[Records from a data collection]
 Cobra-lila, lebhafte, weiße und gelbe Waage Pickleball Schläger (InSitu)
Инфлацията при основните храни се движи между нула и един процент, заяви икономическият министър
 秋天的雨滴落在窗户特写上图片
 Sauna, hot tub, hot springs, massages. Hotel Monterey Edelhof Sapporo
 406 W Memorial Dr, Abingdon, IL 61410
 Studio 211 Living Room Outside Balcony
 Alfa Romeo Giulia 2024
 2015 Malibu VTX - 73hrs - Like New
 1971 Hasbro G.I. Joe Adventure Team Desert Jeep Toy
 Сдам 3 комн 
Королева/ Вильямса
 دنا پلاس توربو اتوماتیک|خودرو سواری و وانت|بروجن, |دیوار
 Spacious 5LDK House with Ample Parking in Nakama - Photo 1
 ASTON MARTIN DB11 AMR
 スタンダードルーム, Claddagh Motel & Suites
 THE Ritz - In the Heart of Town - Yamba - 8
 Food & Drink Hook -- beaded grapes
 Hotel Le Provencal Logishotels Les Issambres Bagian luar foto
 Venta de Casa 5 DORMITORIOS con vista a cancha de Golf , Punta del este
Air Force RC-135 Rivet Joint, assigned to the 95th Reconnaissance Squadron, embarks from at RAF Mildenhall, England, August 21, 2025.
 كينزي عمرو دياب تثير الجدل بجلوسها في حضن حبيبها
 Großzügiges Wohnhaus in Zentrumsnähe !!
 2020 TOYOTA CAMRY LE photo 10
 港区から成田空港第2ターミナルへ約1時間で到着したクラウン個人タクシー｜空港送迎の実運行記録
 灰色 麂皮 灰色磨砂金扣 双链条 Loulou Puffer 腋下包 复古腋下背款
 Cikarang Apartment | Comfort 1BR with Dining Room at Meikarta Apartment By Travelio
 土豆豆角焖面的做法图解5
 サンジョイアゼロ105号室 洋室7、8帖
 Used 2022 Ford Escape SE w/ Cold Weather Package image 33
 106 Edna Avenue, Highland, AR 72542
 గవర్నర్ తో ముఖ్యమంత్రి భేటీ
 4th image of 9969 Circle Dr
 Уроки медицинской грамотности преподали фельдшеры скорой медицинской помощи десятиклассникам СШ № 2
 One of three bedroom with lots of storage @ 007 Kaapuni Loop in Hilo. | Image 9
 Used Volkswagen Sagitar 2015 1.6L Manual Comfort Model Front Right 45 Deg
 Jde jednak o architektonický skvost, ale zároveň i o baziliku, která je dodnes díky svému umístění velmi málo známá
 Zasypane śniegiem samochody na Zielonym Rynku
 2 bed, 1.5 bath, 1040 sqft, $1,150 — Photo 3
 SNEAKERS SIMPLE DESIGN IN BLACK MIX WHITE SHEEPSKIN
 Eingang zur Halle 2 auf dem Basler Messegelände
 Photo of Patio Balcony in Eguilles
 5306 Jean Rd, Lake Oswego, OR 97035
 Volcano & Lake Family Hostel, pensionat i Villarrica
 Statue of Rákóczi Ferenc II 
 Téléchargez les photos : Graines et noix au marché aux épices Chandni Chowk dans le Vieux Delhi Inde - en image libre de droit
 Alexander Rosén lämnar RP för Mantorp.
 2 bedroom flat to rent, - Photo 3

**What to produce:** Copy the lines of the data above exactly as written, beginning with the line containing "サンジョイアゼロ105号室 洋室7、8帖" and ending with the line containing "5306 Jean Rd, Lake Oswego, OR 97035", and leave out all other lines.

**Exercise answer:**
 サンジョイアゼロ105号室 洋室7、8帖
 Used 2022 Ford Escape SE w/ Cold Weather Package image 33
 106 Edna Avenue, Highland, AR 72542
 గవర్నర్ తో ముఖ్యమంత్రి భేటీ
 4th image of 9969 Circle Dr
 Уроки медицинской грамотности преподали фельдшеры скорой медицинской помощи десятиклассникам СШ № 2
 One of three bedroom with lots of storage @ 007 Kaapuni Loop in Hilo. | Image 9
 Used Volkswagen Sagitar 2015 1.6L Manual Comfort Model Front Right 45 Deg
 Jde jednak o architektonický skvost, ale zároveň i o baziliku, která je dodnes díky svému umístění velmi málo známá
 Zasypane śniegiem samochody na Zielonym Rynku
 2 bed, 1.5 bath, 1040 sqft, $1,150 — Photo 3
 SNEAKERS SIMPLE DESIGN IN BLACK MIX WHITE SHEEPSKIN
 Eingang zur Halle 2 auf dem Basler Messegelände
 Photo of Patio Balcony in Eguilles
 5306 Jean Rd, Lake Oswego, OR 97035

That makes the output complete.